Vahap COŞKUN
Seçime gidilirken gözlerin çevrili olduğu Halkların Demokratik Partisi’nden (HDP) son günlerde cumhurbaşkanlığı adaylığı ile ilgili peş peşe açıklamalar geldi. Fitili evvela HDP’nin taşıyıcısı olduğu Emek ve Özgürlük İttifakı yaktı:
“Cumhurbaşkanlığı seçiminde kendi adayımızı belirleme sürecinde, ilkelerimize uygun, mutabakat ile belirlenmiş ortak aday seçeneğine daha yakın olduğumuzu ilan ediyoruz. Değişim isteyen ve topluma karşı sorumluluk duyan ve başta muhalefet olmak üzere bütün toplumsal güçleri de bu tarihi sorumluluğun gereği olarak hem cesur olmaya hem de açık ve şeffaf bir şekilde sorumluluklarını yerine getirmeye çağırıyoruz.”
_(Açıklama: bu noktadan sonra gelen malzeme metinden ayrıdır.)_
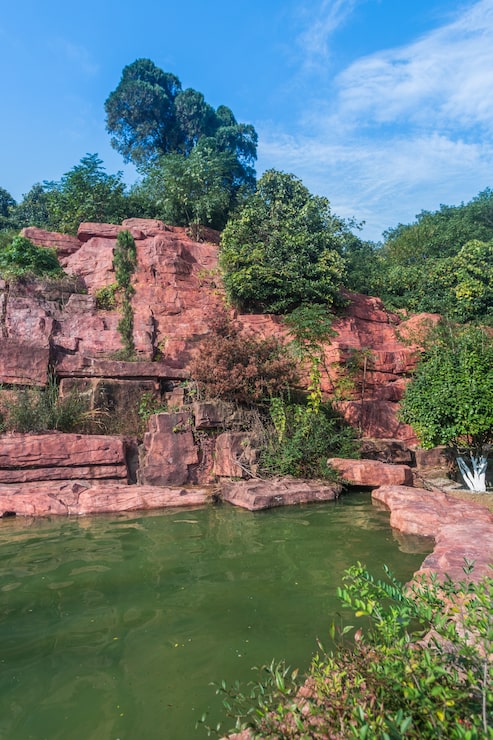 Miễn phí Photo công viên địa chất ở nghi hưng, tỉnh giang tô, trung quốc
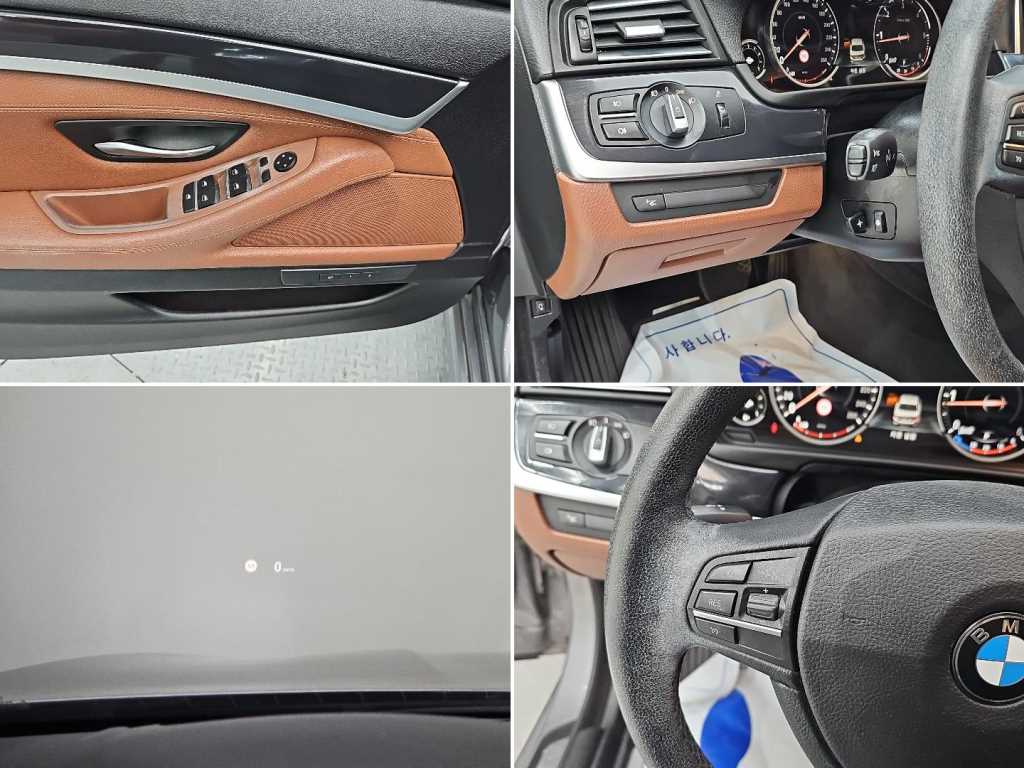 BMW 5-Series — photo 17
“Ortak adaya yeşil ışık” olarak yorumlanan bu gelişme, muhalif çevrelerde memnuniyet yarattı. Ancak HDP’nin ne olursa olsun muhalefetin -Altılı Masa’nın- adayını destekleyeceği yönünde oluşan hava, HDP Eş Genel Başkanı Pervin Buldan’ın sözleriyle dağıldı:
“İlkesel yaklaşımlarımız elbette ki var. Bu ilkesel yaklaşımlarımızı zamanı geldiğinde oturup konuşabiliriz, zamanı geldiğinde müzakere edebiliriz, zamanı geldiğinde diyalog içinde olabiliriz. Ama HDP’nin şu anki kararı kendi adayıyla seçimlere gitmektir. HDP olarak en kısa zamanda kendi cumhurbaşkanı adayımızı Türkiye halklarıyla paylaşacağız.”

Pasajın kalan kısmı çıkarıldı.